20世紀初頭のスイスに、パウル・アマデウス・ディーナッハという言語学教授がいました。彼は1884年に生まれ、ギリシャ語やラテン語を教えながら、言語学の研究に打ち込んでいたそうです。しかし1921年、持病の結核が悪化し、ディーナッハは昏睡状態に陥ってしまいます。
医師らは彼の回復を諦めかけていましたが、なんと1年後の1922年、ディーナッハは奇跡的に意識を取り戻したのです。しかし彼は、自分が3906年まで未来を旅してきたと主張し始めました。当時の医学では説明のつかない現象に、周囲は困惑したといいます。
ディーナッハによれば、彼は昏睡中に未来の物理学者アンドレアス・ノラムの肉体に憑依し、3906年の世界を体験したのだそうです。そこで目にした驚くべき未来史を、彼は手記に記したというのです。
手記の内容は衝撃的でした。2300年までの人類社会は、人口爆発と環境破壊により荒廃の一途を辿ります。資源や食料の枯渇は戦争を招き、文明は崩壊の危機に瀕したのです。
危機感を募らせた人類は、2200年代、新天地を求めて火星植民地化計画を進めます。しかし想像以上に過酷な火星環境は、人類の適応能力を上回るものでした。莫大な資金と先端技術を投入したにもかかわらず、計画は失敗に終わり、人類の夢は砕け散ったのです。

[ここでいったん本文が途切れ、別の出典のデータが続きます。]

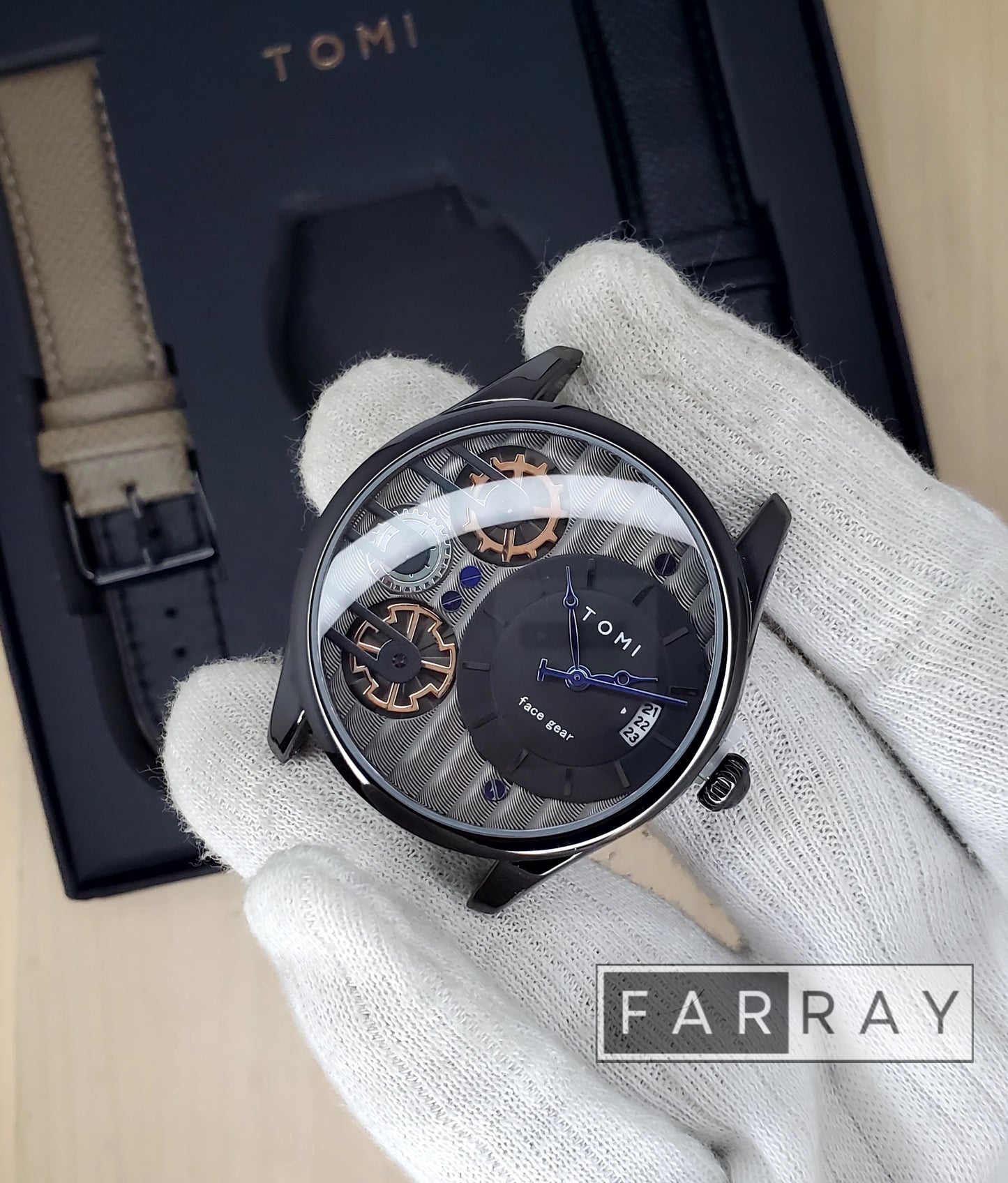 Tomi Face Gear Watch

さらに2309年、国家間の対立が新たな戦争の火種となります。核兵器を用いた中国と西側諸国の全面戦争が勃発し、地球は核の炎に包まれました。戦火を逃れた人々は、地下シェルターでの過酷な生活を余儀なくされます。
核戦争により、従来の国家は壊滅的な打撃を受けました。戦後、weakened各国政府に代わり、人類全体を統括する世界政府が樹立されることになります。平和と秩序を取り戻すため、世界は一つになったのです。
ディーナッハの手記には、その後の人類社会の変遷も克明に記されています。3382年、人間の脳は「ハイパービジョン」と呼ばれる新感覚を獲得し、意識は飛躍的に拡張しました。テクノロジーの驚異的な進歩により、3906年の世界は豊かさと平和を享受していたのです。
反重力技術による空飛ぶ乗り物、触覚まで再現するホログラフィック映像、AIを凌駕する人工知能。かつてSF小説で描かれたような光景が、現実のものとなっていました。
また、ディーナッハは地球外知的生命体との交流にも言及しています。人類は銀河コミュニティの一員となり、他の文明と友好を深めていたというのです。
これらの驚くべき未来史は、ディーナッハが昏睡から目覚めた1922年には、とても信じがたいものだったでしょう。当時の技術から見れば、あまりに突飛な内容に思えたはずです。
しかしディーナッハは、自分の体験を人類への警鐘として記録することを選びました。彼は手記を公表せず、弟子のゲオルギオス・パパハジスに託して、ひっそりとギリシャで余生を過ごしたのです。
ディーナッハの手記が日の目を見たのは、彼の死後半世紀以上を経た2015年のことでした。英語版『Chronicles From The Future』の出版は、大きな反響を呼びました。
中でも、火星植民地化の失敗と核戦争のエピソードは衝撃的です。環境破壊や戦争の悲惨さを、ディーナッハは身をもって体験したのかもしれません。彼の言葉には、未来を案じる強い思いが込められているように感じられます。
もちろん、ディーナッハの手記をそのまま鵜呑みにはできません。彼の体験が本物なのか、それとも単なる空想なのかは分かりません。1920年代にこれほどの未来像を思い描くことは、至難の業だったはずです。
ただ興味深いのは、ディーナッハ自身が手記の公表を望まなかったという点です。もし虚構の物語を書いたのなら、名声や富を得るために発表したいと考えるのが普通でしょう。しかし彼はそうしませんでした。このことは、ディーナッハが自分の体験を真実だと信じていた可能性を示唆しています。
さて、私たちが歩む未来は、果たしてディーナッハの描いた通りになるのでしょうか。もし彼の警告が的中するなら、人類は火星植民地化や核戦争の過ちを繰り返さぬよう、英知を結集しなければなりません。
技術の発展は、人類に大きな恩恵をもたらす一方で、破滅へと導く諸刃の剣にもなり得ます。ディーナッハの手記は、そのことを私たちに伝えているのかもしれません。
彼の未来体験記が真実であるかどうかはともかく、その言葉に込められた思いは、現代を生きる私たちにも通じるものがあります。人類の未来のため、一人ひとりが何をすべきか。ディーナッハの問いかけは、今も胸に響き続けているのです。